**WORK REQUIRED**. Please, could you print all the lines below exactly, leaving out the pictures?
========================================
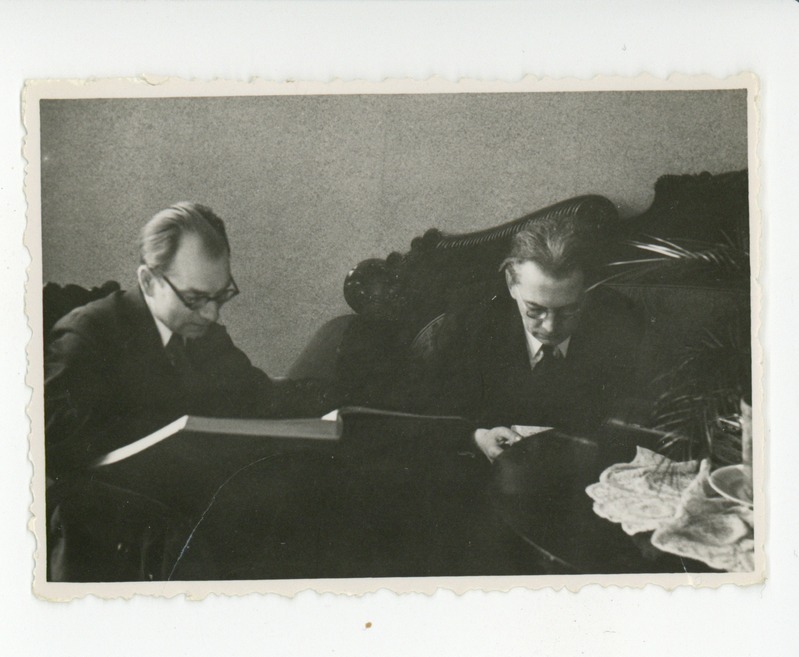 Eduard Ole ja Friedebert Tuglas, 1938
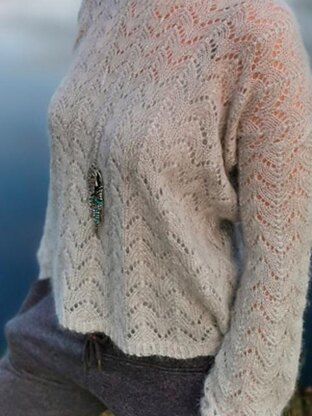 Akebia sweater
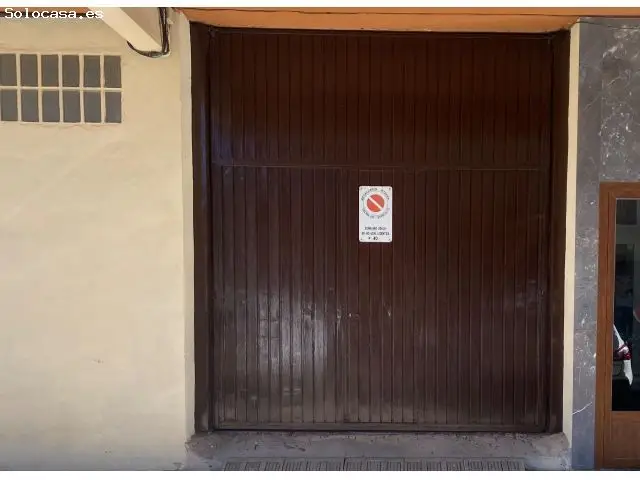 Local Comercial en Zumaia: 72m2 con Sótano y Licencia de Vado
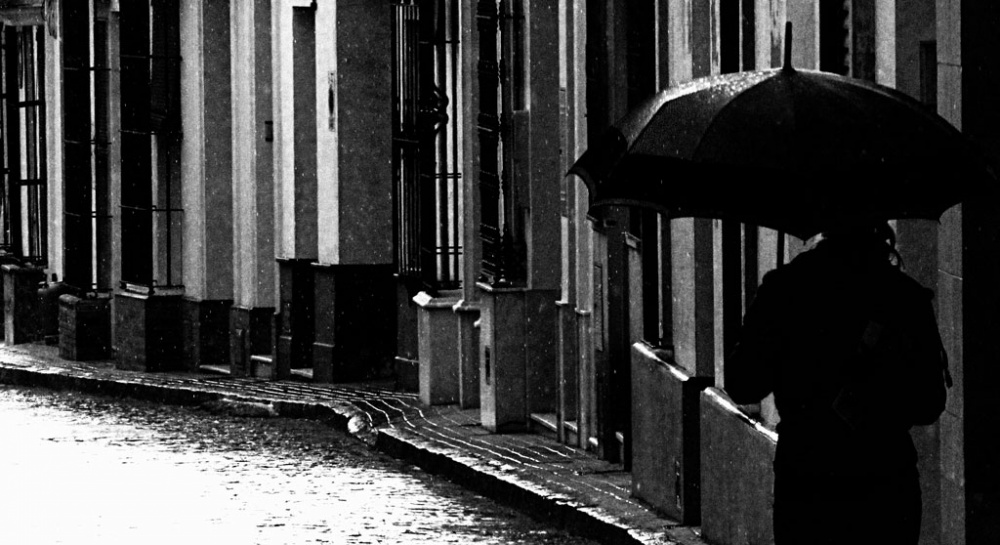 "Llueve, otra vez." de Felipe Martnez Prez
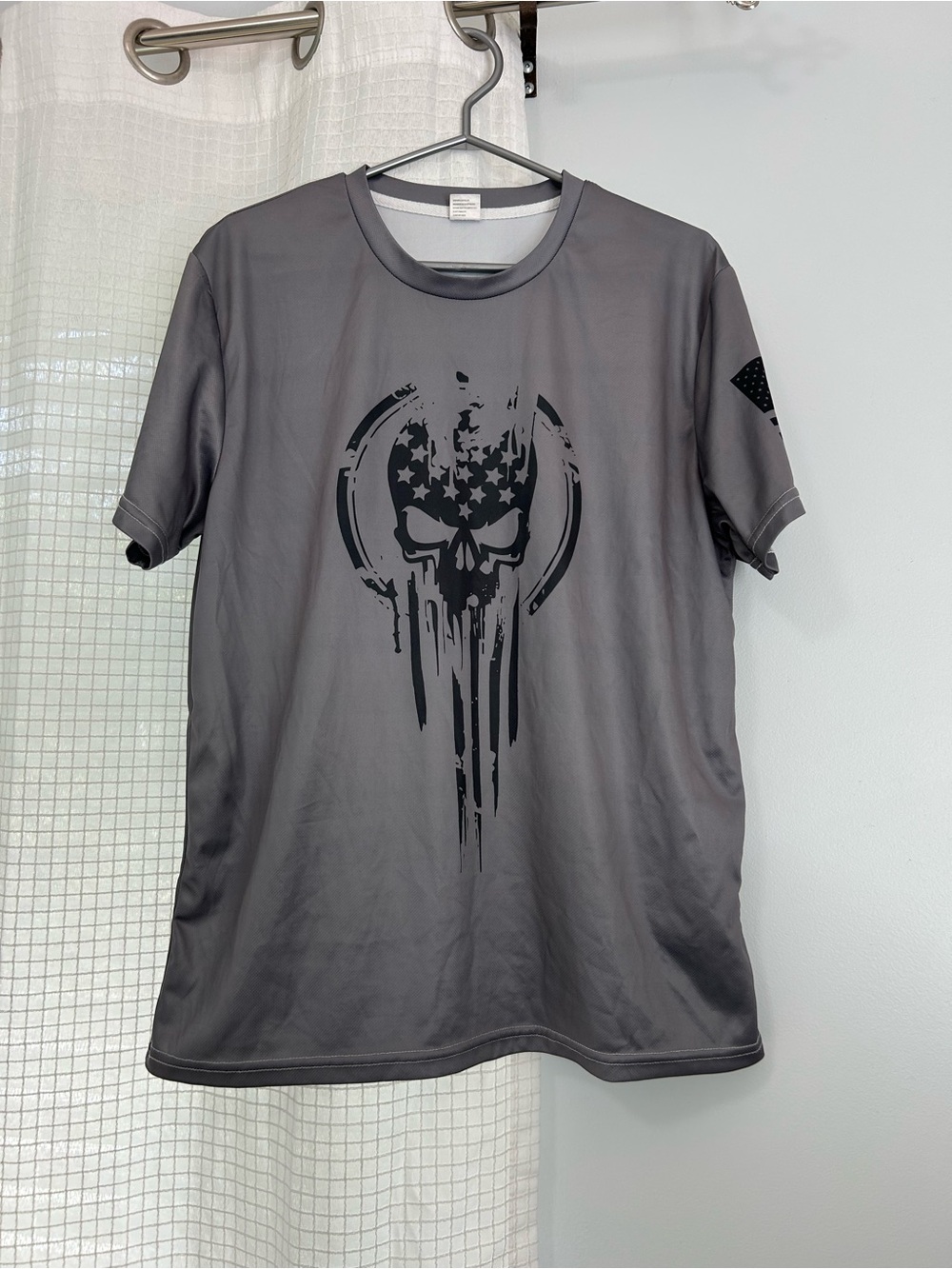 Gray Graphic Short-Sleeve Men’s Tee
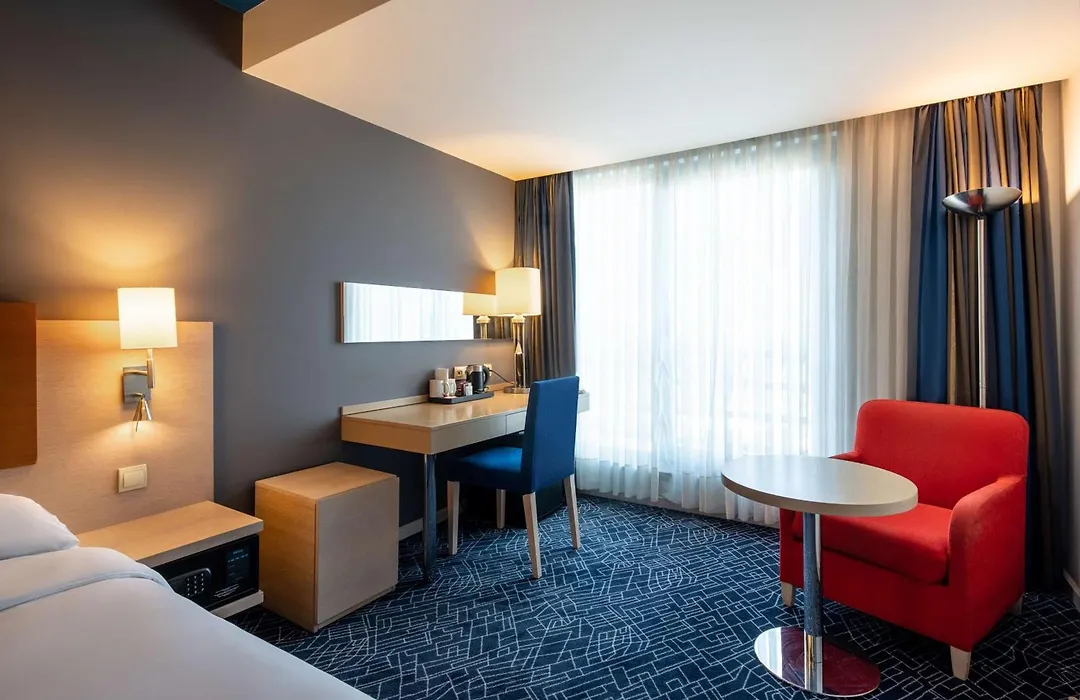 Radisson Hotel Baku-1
========================================
**TASK ANSWER**.
 Eduard Ole ja Friedebert Tuglas, 1938
 Akebia sweater
 Local Comercial en Zumaia: 72m2 con Sótano y Licencia de Vado
 "Llueve, otra vez." de Felipe Martnez Prez
 Gray Graphic Short-Sleeve Men’s Tee
 Radisson Hotel Baku-1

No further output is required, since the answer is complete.